As is always the case with Masters, the booster packs will contain purely reprints. The preconstructed decks, however, come with 10 new cards including their commander. Each deck seems designed to suit an archetype that’s already popular, if hard to pull off. One is colorless and another is every-color, while the remaining two are built around enchantments and the “Super Friends” archetype where your deck is stuffed with powerful planeswalkers.

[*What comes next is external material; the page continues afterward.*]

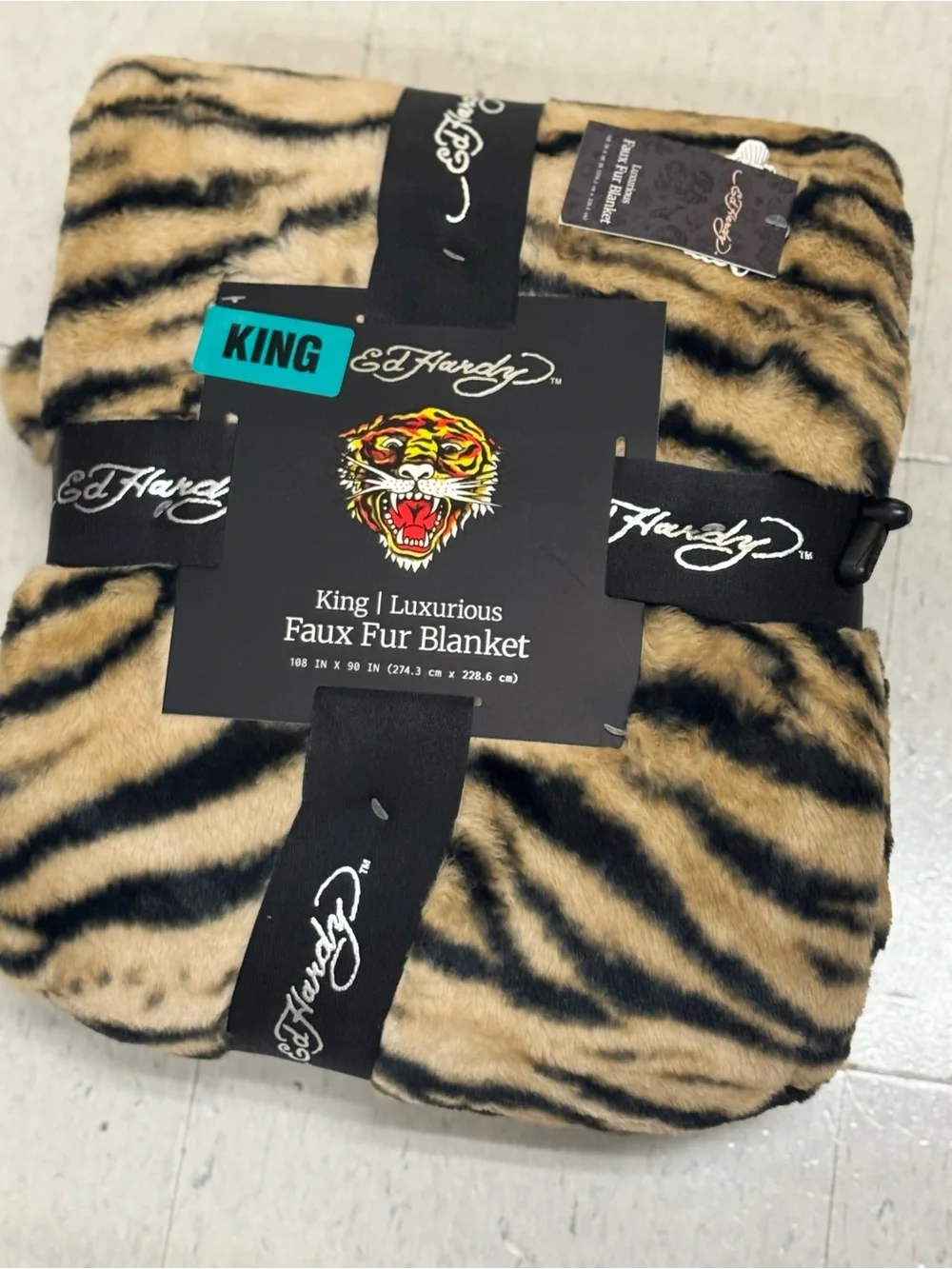Ed Hardy Faux Fur Tiger Stripe Throw Blanket - Beige and Black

The aim was to make the preconstructed decks not just enjoyable to play, but also useful to pull apart and work into your own decks with the same themes—themes that have previously received less love in expansions. “Colorless Commander decks, for example, are cool, but are hard to build because they don’t typically get much support in new sets,” McCall says. “So, Zhulodok, Void Gorger’s deck is not only a fun cool deck in its own right, but also gives other colorless decks more options. Sliver Gravemother, Commodore Guff, and Anikethea, Hand of Erebos all have decks that are doing similar things—cool on their own, but supporting other archetypes that rarely get new options in normal Magic sets.”

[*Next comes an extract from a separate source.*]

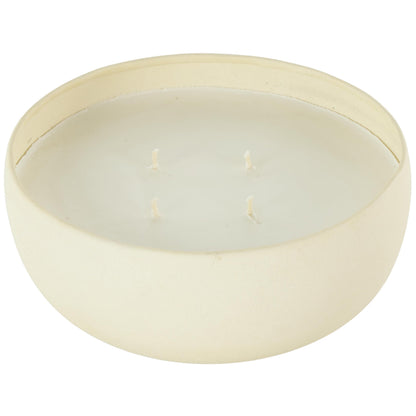 Deco 79 Metal Decorative Candle Floral Paradise Scented Textured 34oz 4 Wick Aromatherapy Candle with White Wax, Wax Aromatherapy Candle 7" x 7" x 3", Cream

Preconstructed is how I like to play Commander, because putting together an entire deck out of random boosters on the night is a sure way to lose half the time you could spend playing. McCall is happy to play either, depending on his mood. “Sometimes I want to play with my Daretti, Scrap Savant deck and smash around with gigantic robots and play the deck I know and like,” he says. “and sometimes I want to open some packs and see what I can put together on the fly. One thing that is fun about Commander draft is that there’s no singleton rule—if you draft two or more copies of a card, you can play them both! It’s a fun little treat to play your second copy of a card, like you’re getting away with something.”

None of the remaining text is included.